Every faith-based nonprofit we work with has a quiet list — the people who used to give and stopped. Sometimes the list is a spreadsheet, sometimes a saved segment in a CRM, sometimes just a vague awareness that the donor file is shrinking faster than the new gifts are coming in. Summer is when most ministries finally look at it, because fall campaigns are about to be planned and the math no longer works without those names coming back.
The temptation, when the list finally surfaces, is to send the kind of email that fills every inbox in October. We miss you. It has been too long. Your gift today will… It is not that those messages never work. They sometimes do. But for ministries whose entire brand rests on genuine relationship, that tone reads like a script, and donors who left for thoughtful reasons feel it most.
There is a better way to think about reactivation, and it starts before any message goes out.
Start with why they stopped, not what you need
Lapsed does not mean one thing. Some donors lapsed because their financial season changed. Some because a leadership transition unsettled them. Some because they moved church homes. Some because an automated card-on-file expired and no one caught it. A few because they were quietly upset about something and never said so.
If you treat all of those people as the same audience, your message will land wrong for almost all of them. Before writing copy, we encourage ministries to spend an afternoon segmenting the lapsed file at least three ways. Donors whose last gift was through a payment method that expired are a tech problem, not a relational one. Donors who lapsed during or just after a leadership change are a trust conversation. Donors who lapsed quietly after years of steady giving are the ones most worth a personal phone call from someone they would recognize.

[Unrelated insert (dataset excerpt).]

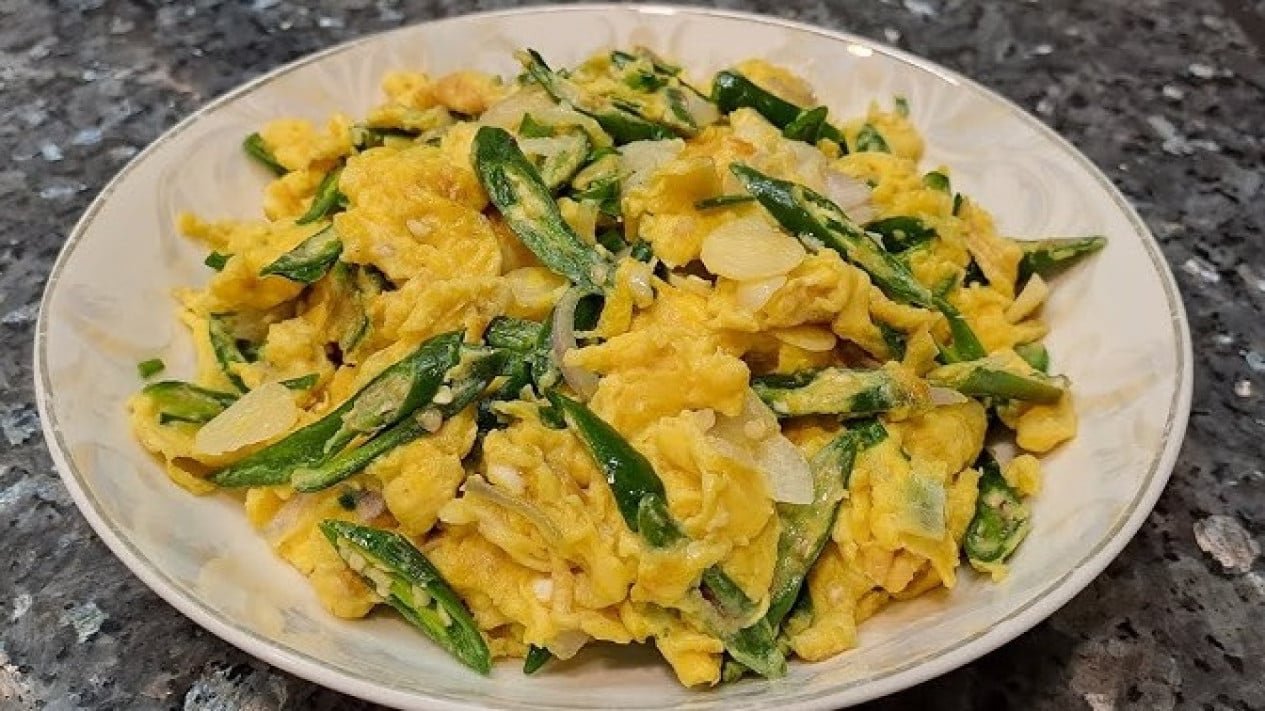 Receta de huevos salteados con chile verde para el menú Sahur, rica en proteínas y nutritiva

The work of sorting people takes hours, not weeks. The clarity it produces shapes every other decision.
Lead with what changed in them, not in you
Most reactivation appeals talk about the organization. Look at what we have accomplished. Here is our new initiative. Here is what your gift will fund. The framing is so common it has become invisible. It also subtly puts the donor in the position of catching up to your news.
The more honest framing is to ask, with care, what has been happening with them. A short note from a real staff member — not a templated email blast — that says something like, We noticed it has been a while since we connected, and we wanted to check in before we ever asked anything. How are you? Is there anything you would want us to be praying about? — does something a campaign email cannot. It returns the relationship to a human level. Sometimes a gift comes from that note. Often it does not, and that is fine. What you have done is reopen a door that was politely closed.
For ministries with hundreds of lapsed donors, that kind of outreach has to be triaged. The top tier — donors whose lifetime giving justifies real time — get a personal call or handwritten note. The middle tier gets a warm, signed email from a recognizable person. The largest, lowest-tier group gets an honest, lightly automated sequence that still sounds like a human wrote it.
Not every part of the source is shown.